I saw a really interesting video on Tim Challies’ blog this morning. Take a look for yourself:

As I saw this video and heard that the United States is the only industrialized nation that does not put regulations on the amount of marketing geared towards children, I thought… Aren’t parents supposed to control their kids? Aren’t parents supposed to regulate what they watch? If kids get diabetes, wasn’t it the responsibility of the parents to make sure that they eat properly? If children get desensitized to violence, wasn’t it the responsibility of the parents to make sure that they know that death is real and it has grave ramifications? If kids are shallow and materialistic… doesn’t this fall on the parents?

There are two qualifications to what I’m writing. First, this isn’t a right-wing, Republican post. It might sound close to it, but it’s really not. Second, I don’t have kids… so I want to tread carefully on those who read this and do have kids. I know it’s easier raising kids in my head than it is to raise kids in the real world.

This morning, I was reading Ephesians 6, and then I saw that video. Ephesians 6:4 says, “Fathers, do not provoke your children to anger, but bring them up in the discipline and instruction of the Lord.” It reminded me of Proverbs 22:6, which says, “Train up a child in the way he should go, even when he is old he will not depart from it.”

I might be wrong in this (please let me know your thoughts on this), but I think a lot of this is attributable to the fact that our culture has a skewed view of love. Our culture does not understand a love that says “no” or says “you’re wrong” or says “you should not do this.”

In our culture, it is unloving to tell a guy spending his time wasted on drugs that such a path will lead to prison, addiction and death. “Who are you to tell him what to do? Let the man live his own life… he’ll figure out what’s right for him.” Really?!?! It’s more loving to let a guy kill himself through drugs than to provoke him and challenge him to reconsider the ramifications of his decisions?
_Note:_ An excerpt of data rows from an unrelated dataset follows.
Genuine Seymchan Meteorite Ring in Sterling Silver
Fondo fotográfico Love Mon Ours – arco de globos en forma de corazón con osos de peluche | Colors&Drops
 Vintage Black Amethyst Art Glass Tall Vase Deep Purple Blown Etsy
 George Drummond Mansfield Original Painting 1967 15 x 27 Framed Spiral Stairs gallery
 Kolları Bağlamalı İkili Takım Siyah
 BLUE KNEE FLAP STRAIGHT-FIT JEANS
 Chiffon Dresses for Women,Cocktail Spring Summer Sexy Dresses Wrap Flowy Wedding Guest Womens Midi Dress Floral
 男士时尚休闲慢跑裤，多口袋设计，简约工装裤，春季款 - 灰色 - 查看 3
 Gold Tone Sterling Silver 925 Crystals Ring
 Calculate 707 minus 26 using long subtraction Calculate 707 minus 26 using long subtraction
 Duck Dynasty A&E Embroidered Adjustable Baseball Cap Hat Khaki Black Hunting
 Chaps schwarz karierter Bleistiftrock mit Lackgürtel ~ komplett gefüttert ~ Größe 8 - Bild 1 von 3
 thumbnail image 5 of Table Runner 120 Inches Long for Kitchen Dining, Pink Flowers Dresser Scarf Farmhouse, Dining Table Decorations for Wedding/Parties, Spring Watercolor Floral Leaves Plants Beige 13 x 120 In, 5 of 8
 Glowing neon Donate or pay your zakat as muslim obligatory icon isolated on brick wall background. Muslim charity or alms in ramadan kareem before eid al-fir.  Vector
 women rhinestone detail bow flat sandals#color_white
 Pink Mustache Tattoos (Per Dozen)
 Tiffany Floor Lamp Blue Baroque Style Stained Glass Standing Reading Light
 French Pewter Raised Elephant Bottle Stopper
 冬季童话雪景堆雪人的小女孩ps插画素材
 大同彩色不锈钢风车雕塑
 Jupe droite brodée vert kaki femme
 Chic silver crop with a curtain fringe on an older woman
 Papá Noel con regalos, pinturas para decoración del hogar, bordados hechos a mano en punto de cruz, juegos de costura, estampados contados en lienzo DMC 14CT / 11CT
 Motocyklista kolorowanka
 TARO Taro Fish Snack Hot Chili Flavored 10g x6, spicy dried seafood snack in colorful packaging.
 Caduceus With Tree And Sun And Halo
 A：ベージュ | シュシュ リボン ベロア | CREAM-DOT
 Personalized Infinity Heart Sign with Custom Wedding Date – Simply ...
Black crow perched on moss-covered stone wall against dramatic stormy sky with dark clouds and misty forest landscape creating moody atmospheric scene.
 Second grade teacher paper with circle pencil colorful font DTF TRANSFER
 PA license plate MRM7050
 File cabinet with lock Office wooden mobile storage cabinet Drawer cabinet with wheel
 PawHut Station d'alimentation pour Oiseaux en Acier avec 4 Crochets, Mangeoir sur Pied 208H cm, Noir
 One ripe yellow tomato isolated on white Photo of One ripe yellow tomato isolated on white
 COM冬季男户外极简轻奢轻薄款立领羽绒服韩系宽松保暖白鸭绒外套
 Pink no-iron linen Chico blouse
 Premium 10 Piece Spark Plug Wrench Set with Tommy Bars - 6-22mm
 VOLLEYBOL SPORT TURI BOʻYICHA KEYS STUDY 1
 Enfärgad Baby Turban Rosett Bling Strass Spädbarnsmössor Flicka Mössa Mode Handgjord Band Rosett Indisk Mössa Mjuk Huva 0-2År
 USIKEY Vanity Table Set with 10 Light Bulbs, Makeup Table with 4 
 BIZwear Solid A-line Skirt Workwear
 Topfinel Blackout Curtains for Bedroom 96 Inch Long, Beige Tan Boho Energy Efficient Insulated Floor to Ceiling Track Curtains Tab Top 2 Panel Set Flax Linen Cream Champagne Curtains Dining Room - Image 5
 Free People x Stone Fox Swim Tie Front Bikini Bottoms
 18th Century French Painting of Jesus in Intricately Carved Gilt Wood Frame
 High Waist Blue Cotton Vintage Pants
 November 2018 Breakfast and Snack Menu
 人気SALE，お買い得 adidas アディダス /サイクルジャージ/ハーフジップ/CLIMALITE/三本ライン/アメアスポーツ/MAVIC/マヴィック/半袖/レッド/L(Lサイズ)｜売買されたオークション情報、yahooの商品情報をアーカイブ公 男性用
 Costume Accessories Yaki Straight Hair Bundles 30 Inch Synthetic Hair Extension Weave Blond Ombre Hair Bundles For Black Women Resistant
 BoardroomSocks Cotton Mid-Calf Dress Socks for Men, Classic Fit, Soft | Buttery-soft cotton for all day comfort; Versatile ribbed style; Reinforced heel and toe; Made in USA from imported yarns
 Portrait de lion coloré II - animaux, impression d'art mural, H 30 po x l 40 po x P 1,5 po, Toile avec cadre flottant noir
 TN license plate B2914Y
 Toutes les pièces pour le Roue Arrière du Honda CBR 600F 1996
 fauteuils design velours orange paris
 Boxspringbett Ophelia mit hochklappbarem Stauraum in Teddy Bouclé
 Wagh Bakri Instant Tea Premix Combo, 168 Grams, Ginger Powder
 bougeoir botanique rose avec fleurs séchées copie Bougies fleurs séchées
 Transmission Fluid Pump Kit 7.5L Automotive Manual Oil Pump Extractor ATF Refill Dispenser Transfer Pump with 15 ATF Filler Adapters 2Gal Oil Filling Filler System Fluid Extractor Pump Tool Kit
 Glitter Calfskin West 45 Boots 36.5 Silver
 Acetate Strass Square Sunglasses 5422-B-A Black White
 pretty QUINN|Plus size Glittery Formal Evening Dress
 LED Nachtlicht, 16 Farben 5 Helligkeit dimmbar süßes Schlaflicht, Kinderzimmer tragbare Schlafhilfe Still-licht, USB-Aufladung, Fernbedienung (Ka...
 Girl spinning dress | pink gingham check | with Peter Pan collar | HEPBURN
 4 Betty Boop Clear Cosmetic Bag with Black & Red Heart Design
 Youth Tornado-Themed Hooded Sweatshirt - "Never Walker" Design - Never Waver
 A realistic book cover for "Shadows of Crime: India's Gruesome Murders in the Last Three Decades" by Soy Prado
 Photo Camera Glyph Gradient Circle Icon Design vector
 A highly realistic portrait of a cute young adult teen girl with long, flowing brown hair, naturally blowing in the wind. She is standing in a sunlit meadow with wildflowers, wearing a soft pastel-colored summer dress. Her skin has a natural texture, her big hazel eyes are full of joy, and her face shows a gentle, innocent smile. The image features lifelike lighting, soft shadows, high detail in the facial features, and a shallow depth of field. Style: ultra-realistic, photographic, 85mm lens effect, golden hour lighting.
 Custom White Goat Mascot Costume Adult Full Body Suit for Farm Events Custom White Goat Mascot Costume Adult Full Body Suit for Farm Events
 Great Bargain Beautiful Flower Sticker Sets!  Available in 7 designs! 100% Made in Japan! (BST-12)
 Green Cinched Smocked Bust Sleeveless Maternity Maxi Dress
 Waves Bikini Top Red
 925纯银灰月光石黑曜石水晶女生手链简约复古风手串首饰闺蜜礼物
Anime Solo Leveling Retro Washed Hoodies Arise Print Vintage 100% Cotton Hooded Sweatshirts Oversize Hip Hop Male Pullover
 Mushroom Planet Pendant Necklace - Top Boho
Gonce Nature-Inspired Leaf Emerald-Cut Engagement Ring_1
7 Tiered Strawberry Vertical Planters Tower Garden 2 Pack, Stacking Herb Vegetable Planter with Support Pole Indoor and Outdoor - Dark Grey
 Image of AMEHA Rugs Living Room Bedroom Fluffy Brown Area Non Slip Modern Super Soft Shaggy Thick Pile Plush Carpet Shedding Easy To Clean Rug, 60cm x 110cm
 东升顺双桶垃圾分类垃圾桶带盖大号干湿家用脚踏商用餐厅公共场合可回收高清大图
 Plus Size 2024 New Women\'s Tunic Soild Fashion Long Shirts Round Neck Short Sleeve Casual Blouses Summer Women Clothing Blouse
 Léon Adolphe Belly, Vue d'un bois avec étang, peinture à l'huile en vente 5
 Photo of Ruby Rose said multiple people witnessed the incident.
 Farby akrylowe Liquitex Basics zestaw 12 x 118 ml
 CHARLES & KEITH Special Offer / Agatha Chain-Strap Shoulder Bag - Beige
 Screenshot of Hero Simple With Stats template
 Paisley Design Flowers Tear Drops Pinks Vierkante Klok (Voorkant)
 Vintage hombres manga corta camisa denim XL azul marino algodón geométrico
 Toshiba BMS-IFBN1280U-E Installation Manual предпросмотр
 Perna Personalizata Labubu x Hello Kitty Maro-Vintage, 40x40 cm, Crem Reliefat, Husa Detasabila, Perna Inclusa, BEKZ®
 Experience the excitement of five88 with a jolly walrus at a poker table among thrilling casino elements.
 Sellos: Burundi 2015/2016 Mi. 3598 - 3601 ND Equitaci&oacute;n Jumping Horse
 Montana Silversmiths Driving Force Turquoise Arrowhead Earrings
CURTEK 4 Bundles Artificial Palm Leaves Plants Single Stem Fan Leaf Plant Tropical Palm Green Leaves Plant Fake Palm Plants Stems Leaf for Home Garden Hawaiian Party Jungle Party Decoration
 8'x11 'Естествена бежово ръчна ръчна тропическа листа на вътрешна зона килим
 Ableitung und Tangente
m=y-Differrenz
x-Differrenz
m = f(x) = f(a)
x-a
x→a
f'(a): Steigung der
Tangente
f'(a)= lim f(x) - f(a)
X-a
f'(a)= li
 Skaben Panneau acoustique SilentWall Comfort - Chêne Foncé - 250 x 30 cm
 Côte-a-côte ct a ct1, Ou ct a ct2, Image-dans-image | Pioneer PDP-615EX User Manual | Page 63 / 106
In our culture, it’s unloving to tell your kids that they can’t have something they want. “I want them to have all the things I didn’t have.” “They really want it, so how can I say no?” I recently heard a story of a woman who lets home-schools her child and hers him (probably about 10 years old) choose the classes he wants to take. He doesn’t take math because he doesn’t want to. Really, mom?!?! That’s love?

How warped is it when our culture has fallen into an understanding of love that goes away from what is best for others to what is most comfortable to ourselves. “Well, that drug addict friend wouldn’t really want me to tell him to stop. He wouldn’t like me judging him.” Of course not! He’s on drugs! He’s addicted! The fact is, you should’ve stopped him before he got addicted, but now that he is… its going to be hard for you and inconvenience you. “Well, my kid really likes to eat ice cream for breakfast.” Of course he does! He’s five! Heck, I’m nearly 25, and I still wouldn’t mind eating ice cream for breakfast. But I’ve learned over the course of my life that ice cream is not a healthy breakfast option. Did I learn that lesson well? Heck no! I fought against it. I snuck in morning ice cream whenever I could, and I got punished for it. (BTW… it was sooo worth it.) But I eventually learned. It would’ve been easier for my mom to let me have that ice cream. But, then, would she have really been loving me?

Most of my posts are random rants that I write in a stream-0f-consciousness mode. This one, even more so… What are your thoughts on the responsibility of parents over their kids? Do we need government intervention? Do we need parental intervention? Should we let the kids choose for themselves?